Grundsätzlich spricht die Vermutung dafür, dass Rechtsanwalt B mit seiner Unterzeichnung die vollständige Verantwortung für den Schriftsatz übernommen hat. Erschüttert wäre diese Vermutung z. B. dann, wenn er mit „i. A.“ unterzeichnet hätte. Da die Berufung mit dem Briefkopf der M. Rechtanwaltskanzlei eingelegt wurde, spricht hier alles dafür, dass B. in Vertretung dieser Rechtsanwälte tätig werden wollte. Diese Sichtweise entspricht auch dem Grundsatz, dass im Zweifel gewollt ist, was vernünftig ist und was der richtig verstandenen Interessenlage entspricht. Ein besonderer Vertretungszusatz ist nicht erforderlich.

Mithin ist davon auszugehen, dass B. in Vertretung für die Kanzlei M. und J. Berufung eingelegt hat. Der BGH hebt daher den Verwerfungsbeschluss auf und weist darauf hin, dass das Berufungsgericht noch zu prüfen haben wird, ob B. tatsächlich Vertretungsmacht gehabt hat. Diese Prüfung wird zweifelsohne positiv ausgehen. Es erscheint schwer vorstellbar, dass B. für M. und J. tätig geworden ist, ohne dass diese ihn damit beauftragt und damit jedenfalls gleichzeitig konkludent bevollmächtigt haben sollten.

Im zweiten Fall hatte ein Rechtsanwalt eine Berufungsbegründung für einen anderen Rechtsanwalt unterzeichnet, und zwar mit dem Zusatz „Unterzeichnend für den vom Kollegen verfassten und verantworteten Schriftsatz als Kammervertreter“.  Auch hier hatte das Berufungsgericht die Berufung verworfen.

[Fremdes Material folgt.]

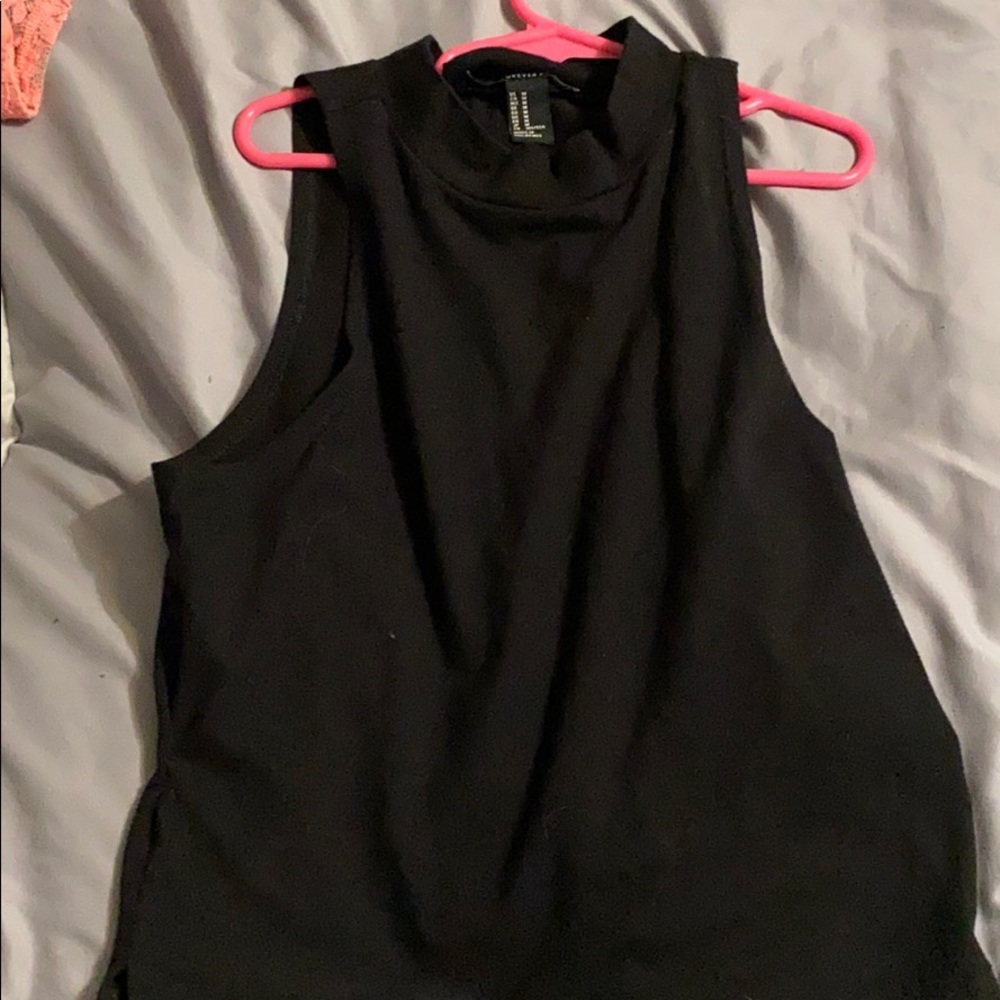Black crop top.
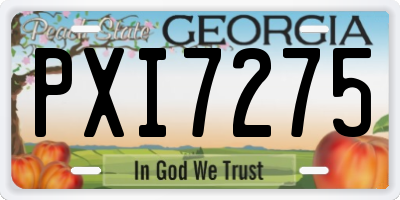 GA license plate PXI7275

Diese Entscheidung billigt der BGH. Durch den Zusatz hat der Rechtsanwalt zum Ausdruck gebracht, dass er – wiewohl er den Schriftsatz unterzeichnet hat – denselben nicht verantworten möchte. Gleichzeitig wurde der Schriftsatz aber durch den Rechtsanwalt, der ihn verantwortet hat, gar nicht unterzeichnet. Es ist aber notwendig, dass derjenige, der den Schriftsatz unterzeichnet, ihn auch vollständig verantwortet. Eine tatsächliche Prüfung des Schriftsatzes ist dafür nicht erforderlich, die Unterschrift alleine reicht aus. Der Anwalt darf also „auf volles Risiko gehen“! Der hier angebrachte Zusatz stellt die Einhaltung dieses Erfordernisses jedoch in Frage. Damit ist die Berufung zu Recht verworfen worden, weil es an dem Erfordernis der Unterschrift fehlt.

Fazit: Man kann nicht oft genug betonen, dass bei Zusätzen zu Unterschriften große Vorsicht geboten ist.